1948 yılında Çorum, Göcenovacık köyünde doğan eğitimci-yazar Şükrü Gümüş, ilk görev yeri Hakkari’den oluşturduğu 22 yaşının ürünü olan “Zap Boyları” adlı romanıyla Milliyet Roman yarışmasında mansiyon almıştı. Ancak ne var ki O’nu, genç bir yaşta ve en verimli döneminde henüz 36 yaşındayken, 28 Ağustos 1984 günü yitirdik. Kendisinden geriye henüz yayınlanmamış “Topal Karınca” adlı bir romanı, bir kitap oluşturacak toplamda öyküleri, tamamlanmamış taslak roman çalışmaları kaldı.

Şair yazar Ahmet Özer, Trabzon’da yayımladıkları Kıyı dergisinde her yıl Şükrü Gümüş’ü andılar. O’nun emeğine sahip çıktılar. Şükrü Gümüş’ün ölümünün 10. Yılında, 1994’de “Şükrü Gümüş Roman Yarışması” düzenlediler. Seçici kurulunda Talip Apaydın, İrfan Yalçın, Burhan Günel, Muzaffer Gündoğar ve Öner Yağcı görev aldı. Bu yarışmada roman birinciliğini Hollanda’nın Lahey kentinde anadil öğretmenliği yapan Murat Tuncel kazandı. Ödül töreni Çorum Gazeteciler Cemiyeti’nin düzenlemesiyle Çorum Büyük Otel’de gerçekleştirildi. Törene Ahmet Özer, Mahmut Makal, İrfan Yalçın, İbrahim Dizman gibi ülkemizin saygın şair ve yazarlarıyla Şükrü Gümüş Roman ödülü birinciliğini kazanan Murat Tuncel Hollanda’dan gelip katıldılar.

Bundan 26 yıl önce gerçekleştirilen ödül töreniyle ilgili yazımı, sevgili Şükrü Gümüş’ün vefatının 36. Yıl dönümü nedeniyle onun anısına, saygılarımla yeniden sunuyorum.

*     *     *

İlgiyle okuduğunuz sanatsal bir yapıtın nasıl yazıldığını, bizlere nasıl ulaştığını;

Bir sergide beğeniyle izlediğiniz sanatsal ürünlerin nasıl kotarıldığını;

Günlerce, haftalarca, bazen de aylarca sergilenen bir tiyatro oyununun ya da bir filmin, izlenme aşamasına gelinceye değin hangi süreçten geçtiğini;

Ya da elinize ulaşan bir kültür sanat dergisinin, dergideki yazıların nice emek birikimi sonucu oluştuğunu düşündünüz mü hiç?..

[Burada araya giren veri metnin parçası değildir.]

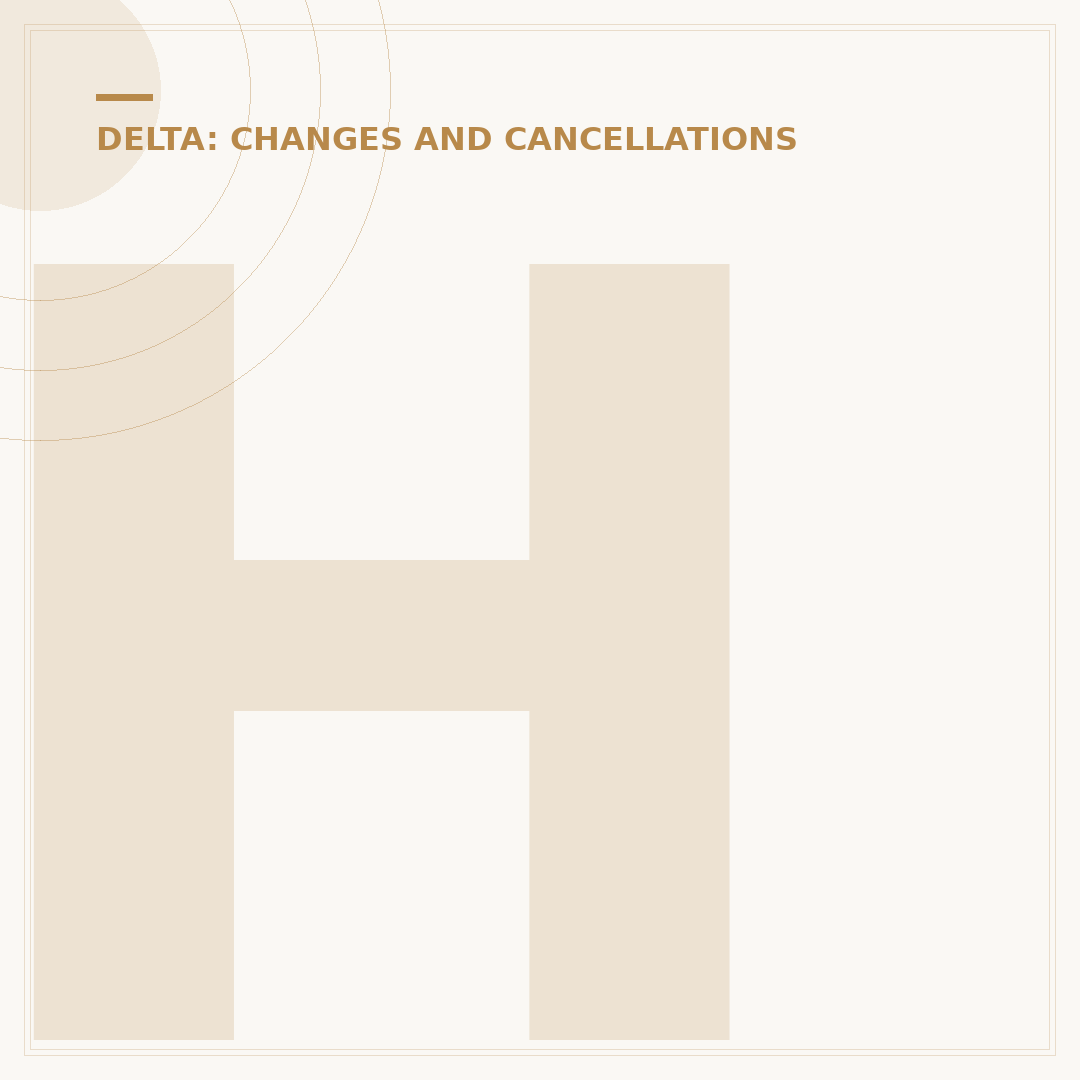 How to Change a Delta Flight for Free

Daha da çoğaltabileceğimiz bu örnekler üzerinde sanata duyarlıklı olanlar daha çok kafa yormuş, daha çok düşünmüşlerdir mutlaka.

Uzun çalışmalar sonucunda, yoğun bir emek birikimi olarak izleyiciye sunulan sanatsal güzellikler, bir iki saatlik bir zaman diliminde izlenir. Beğenenler de olur, eleştirenler de... Oysaki bu sanatsal etkinliklerin sunuşa hazır duruma getirilmesi günler, haftalar hatta aylar alır. Hiçbir sanatsal güzellik kolayca kotarılıp ortaya çıkarılamaz. Bunda birçok kişinin emeği, alın ve beyin teriyle birlikte uykusuz geçen geceleri vardır. Sanata ve sanata gönül vermiş olanlara düşen görev, bu tür sanatsal etkinlikleri halka ulaştırmak, halkla buluşturmaktır. Sanat ve kültürün o sıcak ortamında buluşan insanlarımız, birbirleriyle tanışacak, bilişecek ve kaynaşacaktır. Sanatın birleştirici, bütünleştirici sevgi ve saygıya dayalı ortamında dostluğu, barışı, kardeşliği geliştirecek; sanatsal ve kültürel değerlerimize sahip çıkmayı da bilecektir.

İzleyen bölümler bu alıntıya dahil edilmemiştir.